The procedure recapitulated

(1) Create a XSLT stylesheet file: xxx.xsl

(2) Copy/paste the XSLT header and root element below (decide encoding as you like)

<?xml version="1.0" ?> 
 <xsl:stylesheet version="1.0" xmlns:xsl="http://www.w3.org/1999/XSL/Transform">

</xsl:stylesheet>

(3) Write a rule that deals with your XML root element This rule must produce the root, head and body of the HTML (copy/paste this too, but replace "page ")
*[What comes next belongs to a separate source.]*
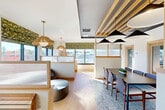 Located at 15 Pond Street Ct in Waltham, MA, this professionally designed workspace offers a well-appointed single-floor layout comprising five private offices, a dining room, and a connecting hallway. The open collaborative area is a standout feature, highlighted by an eye-catching ceiling with exposed wooden slat detailing, dramatic black pendant lights, and warm brass fixtures that create a sophisticated yet welcoming ambiance. Light hardwood flooring flows throughout the common areas, complementing the natural wood-framed glass partitions that divide spaces while maintaining an open, airy feel. Large windows dressed with patterned green Roman shades flood the space with natural light and offer views of the surrounding Waltham neighborhood. The dining and lounge area features a mix of seating options, including a built-in banquette, a conference-style table, and rounded lounge chairs, making it versatile for both formal and informal gatherings. Each private office is thoughtfully outfitted with built-in wooden desks, overhead shelving, brass task lighting, and textured carpeting, providing a focused and comfortable environment for individual work. A larger office with a glass whiteboard and collaborative seating adds flexibility for small meetings. The hallway connects all spaces seamlessly, with warm-toned wood doors and frosted glass panels maintaining privacy throughout.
<xsl:template match="page">
   <html>
    <head> 
     <!-- <title> <xsl:value-of select="title"/> </title> -->
    <title>A wonderful HTML page made from XML</title> 
    </head>
    <body bgcolor="#ffffff">
      <xsl:apply-templates/>
    </body>
   </html>
</xsl:template>

(4) Write rules for each (!!) of your XML elements,

  • for each insert some HTML, sometimes some text, or sometimes nothing
  • make sure to place a <xsl:apply-templates> inside each rule (usually between some HTML) ... unless you wish to censor contents.

A typical simple rule might look like this:

<xsl:template match="element_name">
    <h1>Some kind of heading</h2>
    <div class="element_name"> 
      <xsl:apply-templates/>
    </div>
   </xsl:template>

(5) Associate this stylesheet with your XML file using:

 <xml-stylesheet href="xxx.xsl" type="text/xsl"?>

Tuning output with xsl:output and CSS

Output declarations

So far, HTML output produced would display in a navigator, but is not fully HTML compliant.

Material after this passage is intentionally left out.